Work request
Pictures excluded, please retype exactly the lines from the start of the data through the line that contains "PUMA Guanti da", both ends kept, and nothing beyond them.

Web page caption snippets
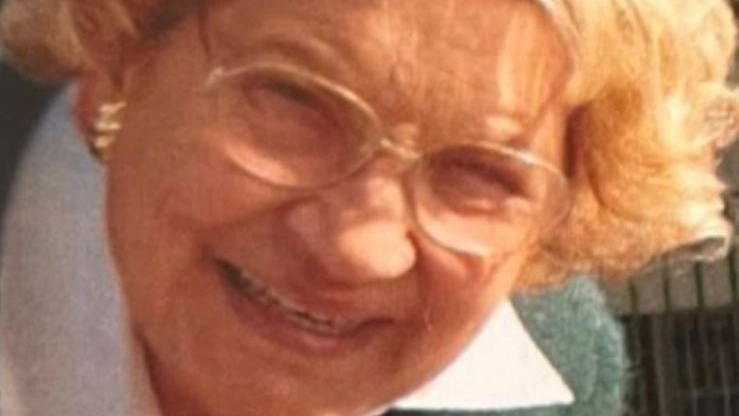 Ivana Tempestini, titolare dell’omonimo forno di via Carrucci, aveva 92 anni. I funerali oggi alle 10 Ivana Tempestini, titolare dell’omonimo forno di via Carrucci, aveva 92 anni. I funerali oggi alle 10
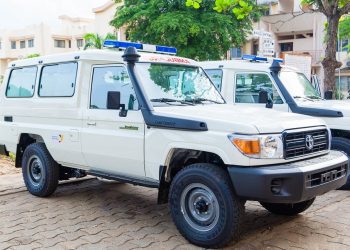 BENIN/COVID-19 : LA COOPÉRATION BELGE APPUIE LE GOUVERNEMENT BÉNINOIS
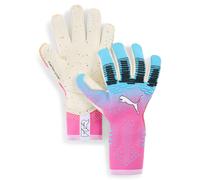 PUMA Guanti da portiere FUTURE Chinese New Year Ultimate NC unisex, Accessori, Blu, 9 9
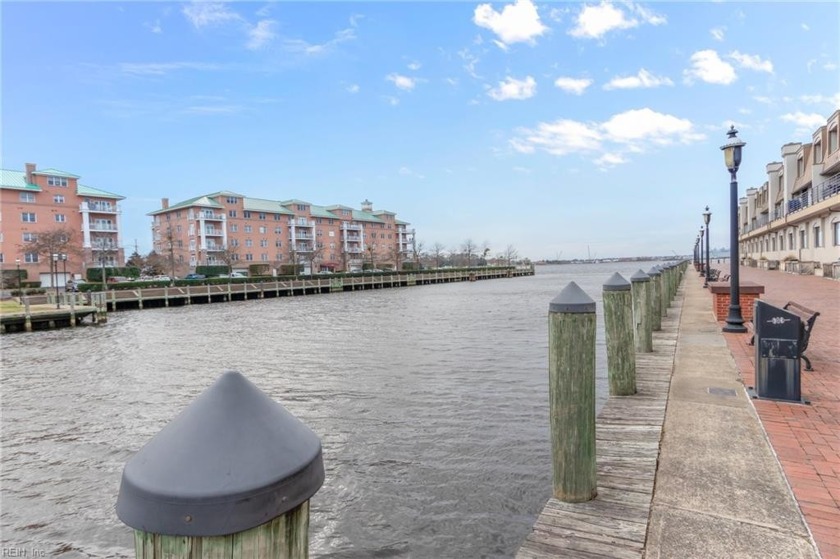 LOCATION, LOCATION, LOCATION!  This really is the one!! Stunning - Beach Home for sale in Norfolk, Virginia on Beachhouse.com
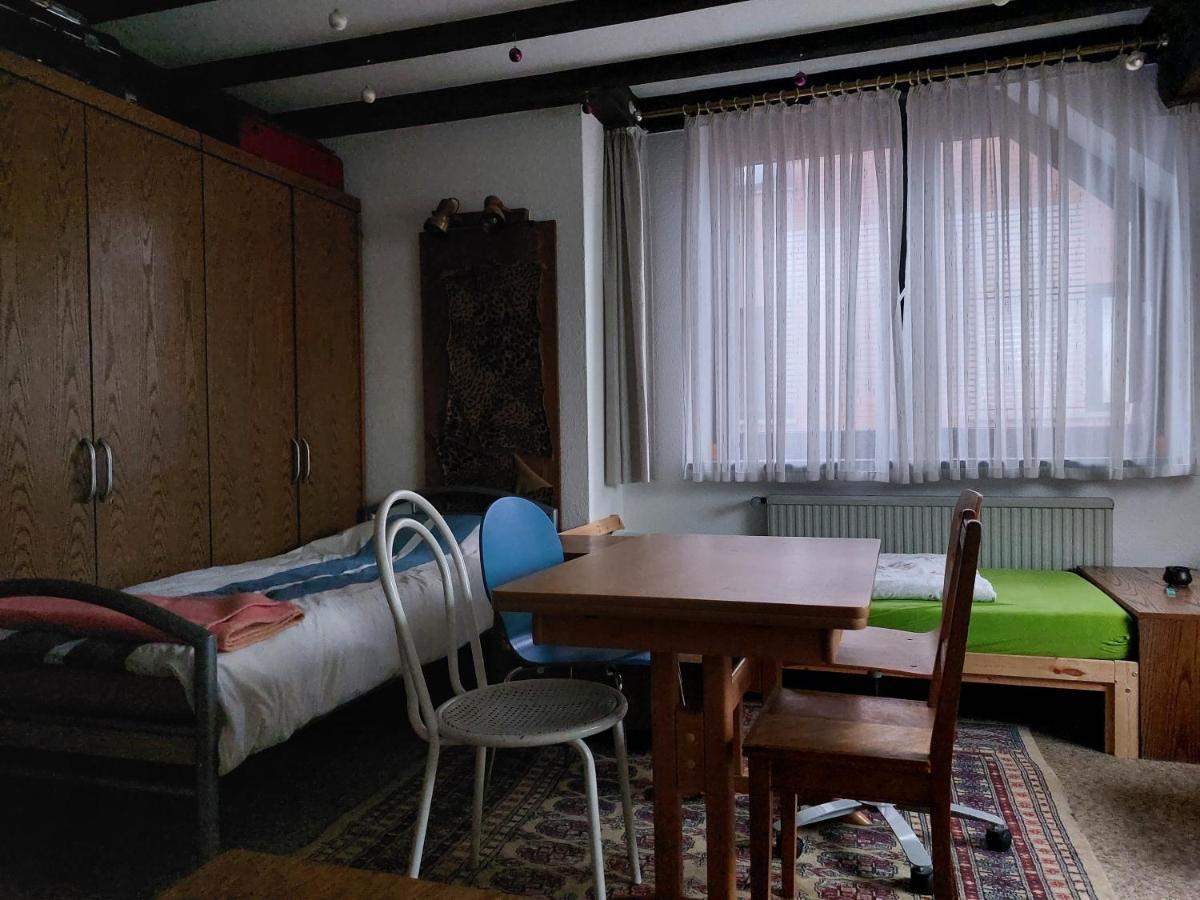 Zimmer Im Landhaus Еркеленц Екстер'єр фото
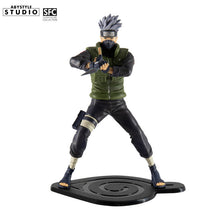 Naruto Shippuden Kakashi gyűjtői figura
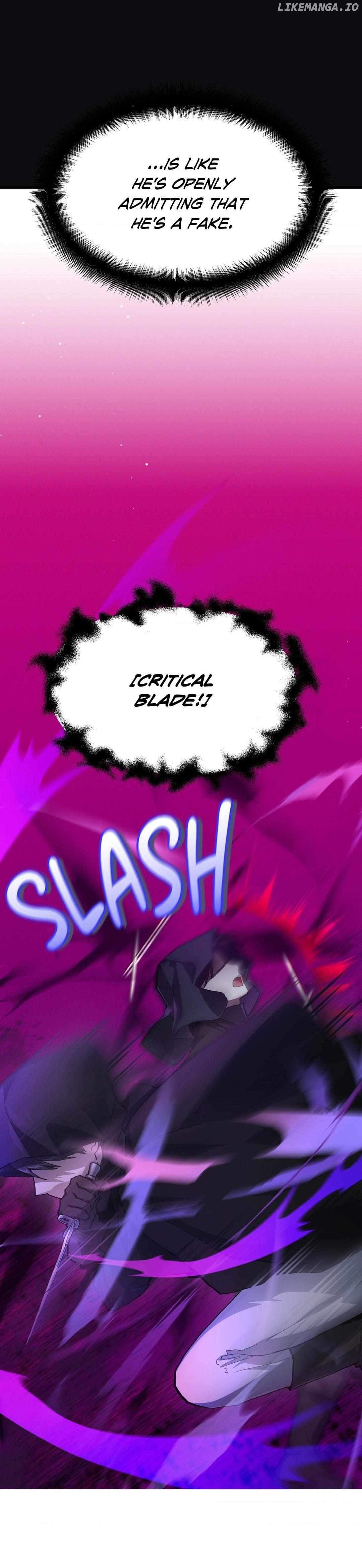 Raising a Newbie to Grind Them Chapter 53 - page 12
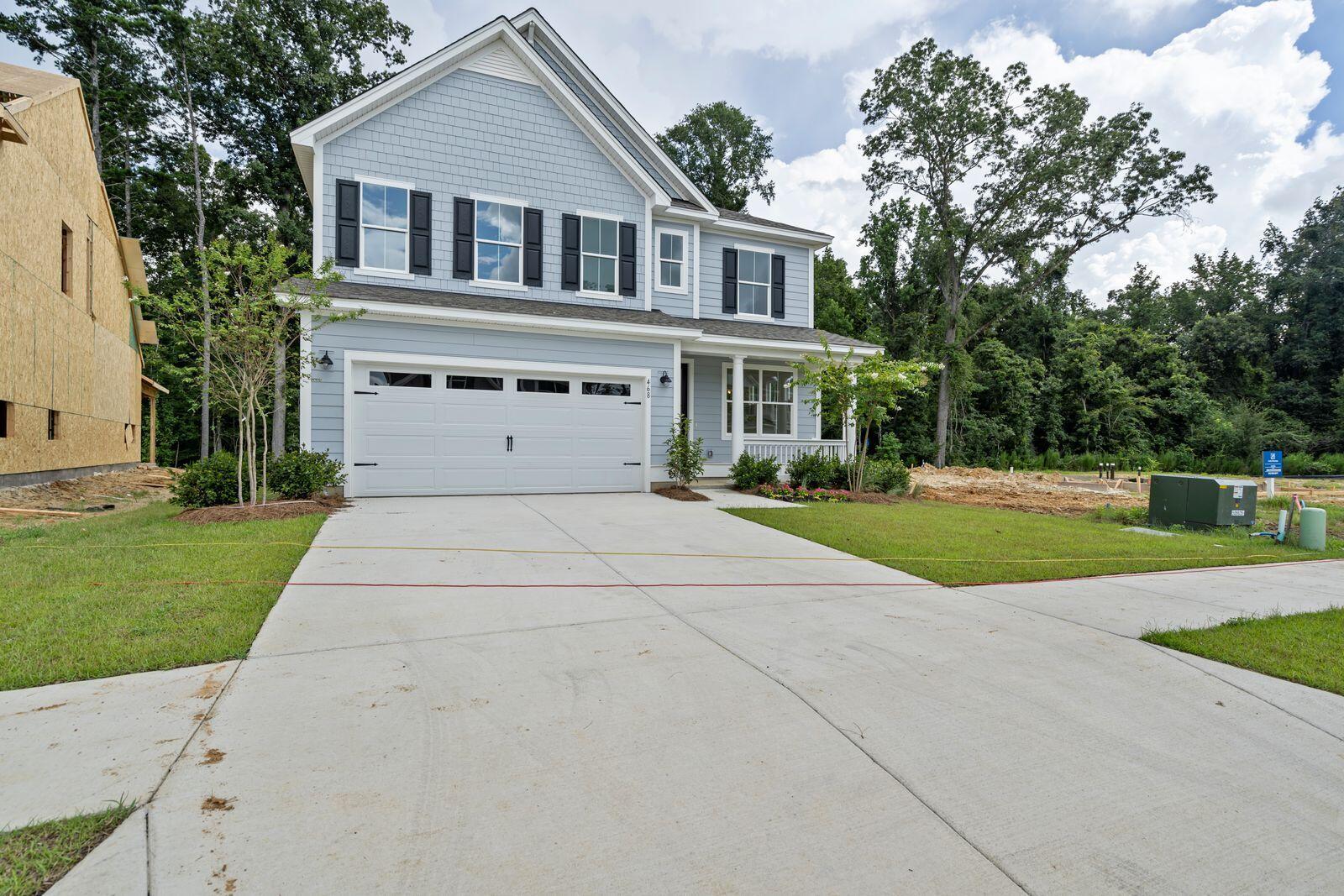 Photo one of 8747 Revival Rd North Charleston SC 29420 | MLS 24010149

Written reply
 Ivana Tempestini, titolare dell’omonimo forno di via Carrucci, aveva 92 anni. I funerali oggi alle 10 Ivana Tempestini, titolare dell’omonimo forno di via Carrucci, aveva 92 anni. I funerali oggi alle 10
 BENIN/COVID-19 : LA COOPÉRATION BELGE APPUIE LE GOUVERNEMENT BÉNINOIS
 PUMA Guanti da portiere FUTURE Chinese New Year Ultimate NC unisex, Accessori, Blu, 9 9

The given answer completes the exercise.